De regresso a Portugal em 1969, na 'abertura' da Primavera Marcelista,
espera-a muita actividade, e é ainda antes da Revolução que é
homenageada por outras mulheres em Portugal. Em 1973 tem 80 anos.
O seu entusiasmo com a Revolução de Abril, em 1974, trouxe-a para a
rua, a desfilar no 1o de Maio ao lado da multidão.

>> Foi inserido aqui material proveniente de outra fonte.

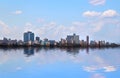 View of the panoramatic Havana in Cuba. There is blue sky and blue ocean Royalty Free Stock Photo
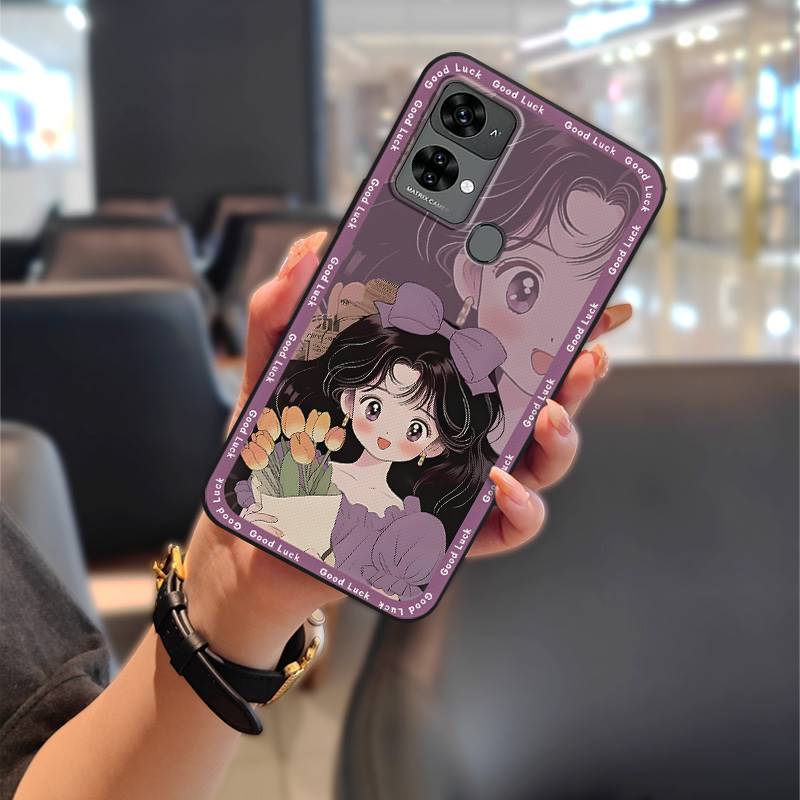 Durable Waterproof Phone Case For Oukitel C33 Graffiti Cartoon Shockproof Back Cover Phone Pouch Protective TPU Animals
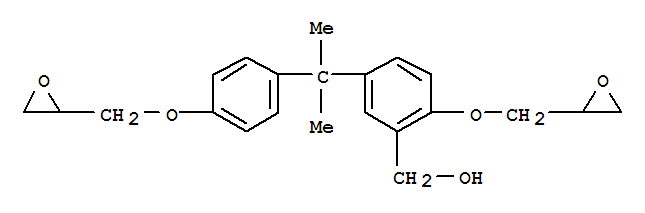Benzenemethanol,5-[1-methyl-1-[4-(2-oxiranylmethoxy)phenyl]ethyl]-2-(2-oxiranylmethoxy)-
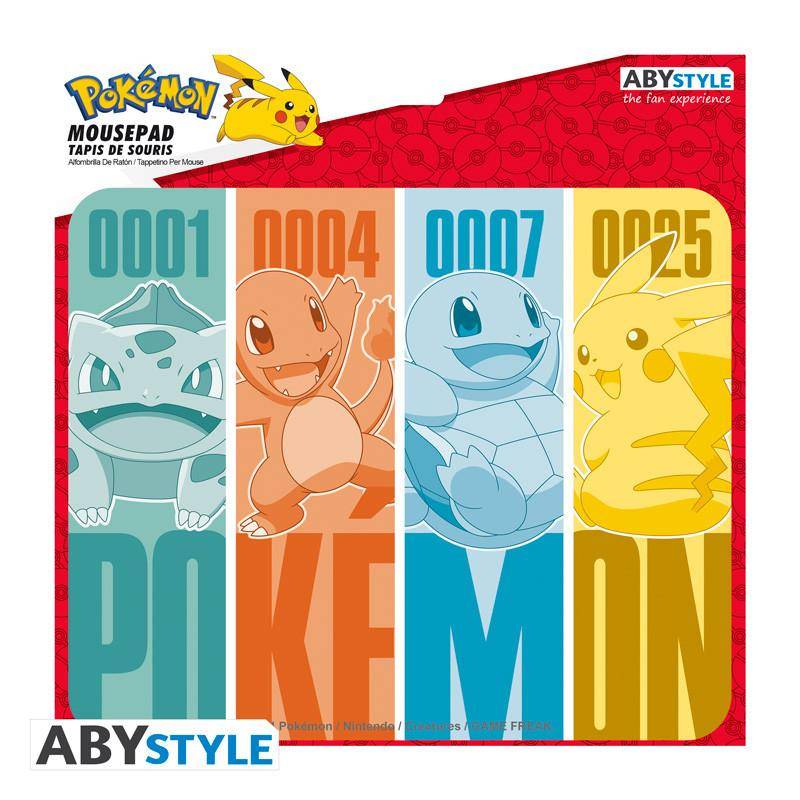 Pokemon - Mousepad Starter 1. Generation - 23,5 x 19,5 cm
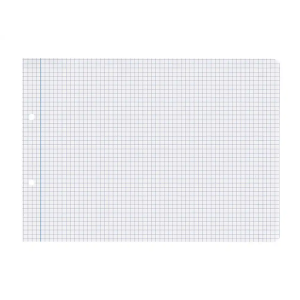 Recambio liderpapel din a5 apaisado 100 hojas 75 gr cuadro 4 mm 2 taladros con margen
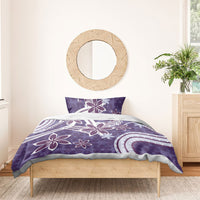 Hawaii Pupuala Plumeria Purple Bedding Set Polynesian Pattern LT01 - Polynesian Pride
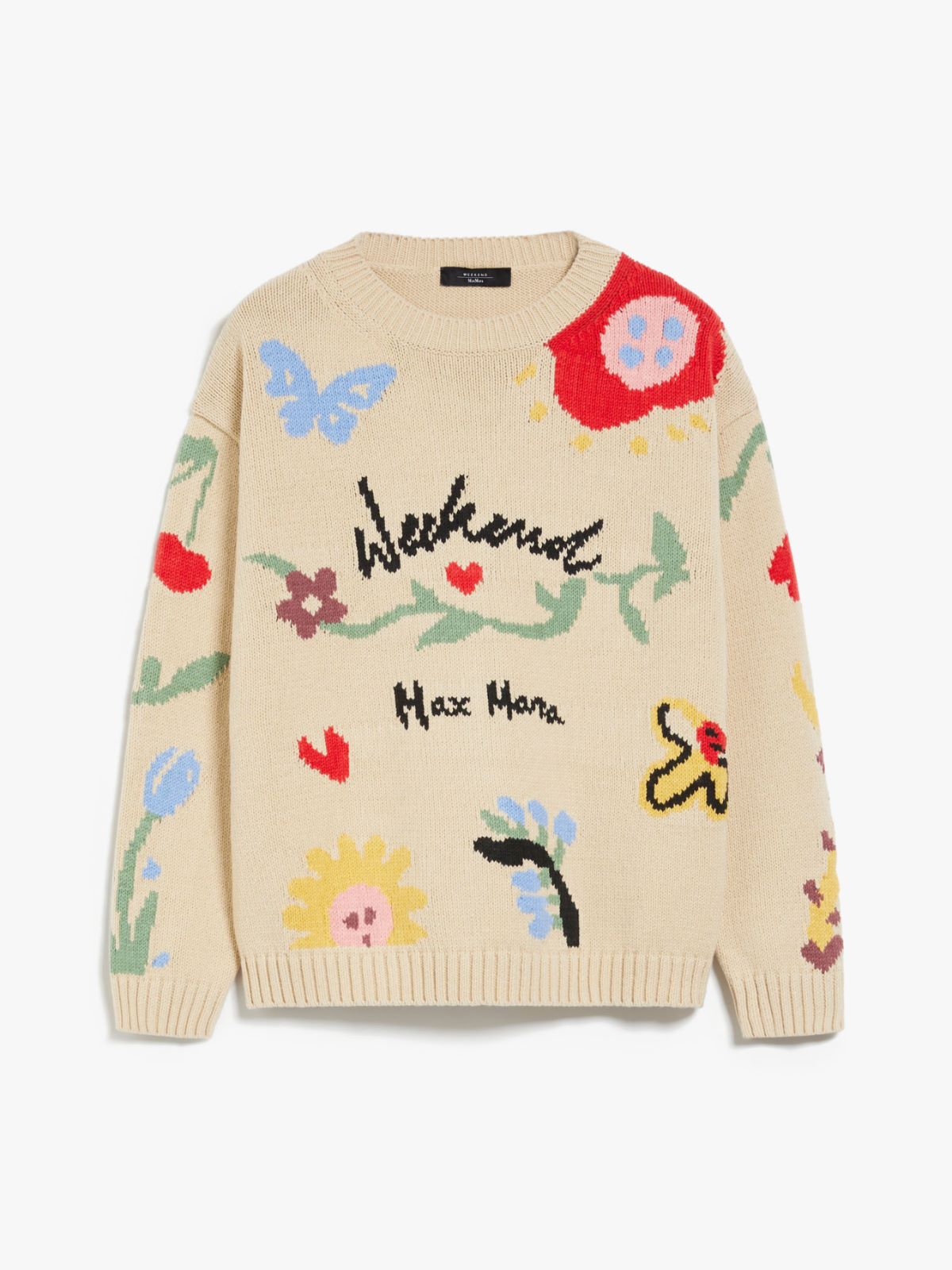 Maglia in cotone ad intarsio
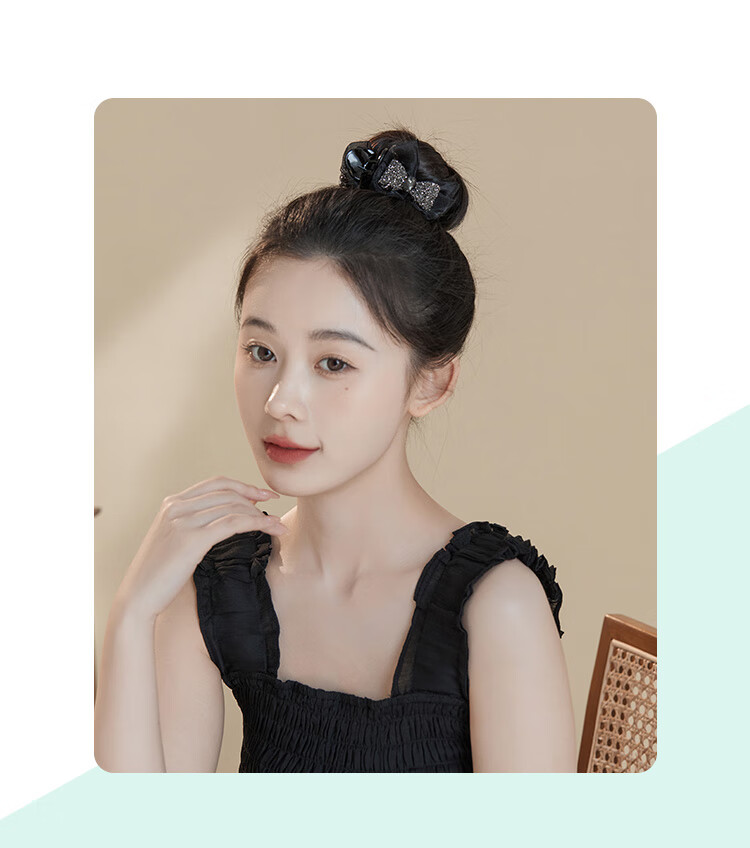 CHIMERA Large Internet-Famous Shark Clip Hair Accessory, Bow Claw Clip, Back of Head Hairpin, Hair Barrette for Women, Mid-Autumn Festival Gift 7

E uma das
actividades mais importantes foi o seu papel central, de novo em favor
das mulheres portuguesas, na criação do Movimento
Democrático de Mulheres, de que foi eleita Presidente Honorária em 1975.
A sua posição de Directora da revista 'Mulheres' criada pelo Movimento
em 1978 representou, antes de mais, para Maria Lamas, o
regresso à imprensa feminina, onde a sua vida profissional começara,
na defesa da educação das Mulheres, da liberdade política e da paz
mundial.
Maria Lamas morre em Lisboa em Dezembro de 1983, dois meses depois de
completar 90 anos.
Nesta dia de evocação de 40 anos de democracia e de migrações em
liberdade, relembrar Maria Lamas, Uma Escritora Portuguesa em
Luta pelas Mulheres do seu país, quero deixar esta mensagem de que é
preciso e urgente, como ela, não baixar os braços, mas continuar
a levantar a voz, a estudar velhos e novos problemas - como o das
trajectórias e trabalhos das mulheres das novas migrações. É preciso
ir
de novo ver como vivem e pensam as mulheres e os homens do nosso país.
Um trabalho já começado em dissertações de Mestrado, Teses de
Doutoramento, levantamentos estatísticos sistemáticos das condições
de vida dos portugueses, que espera pela nossa colaboração.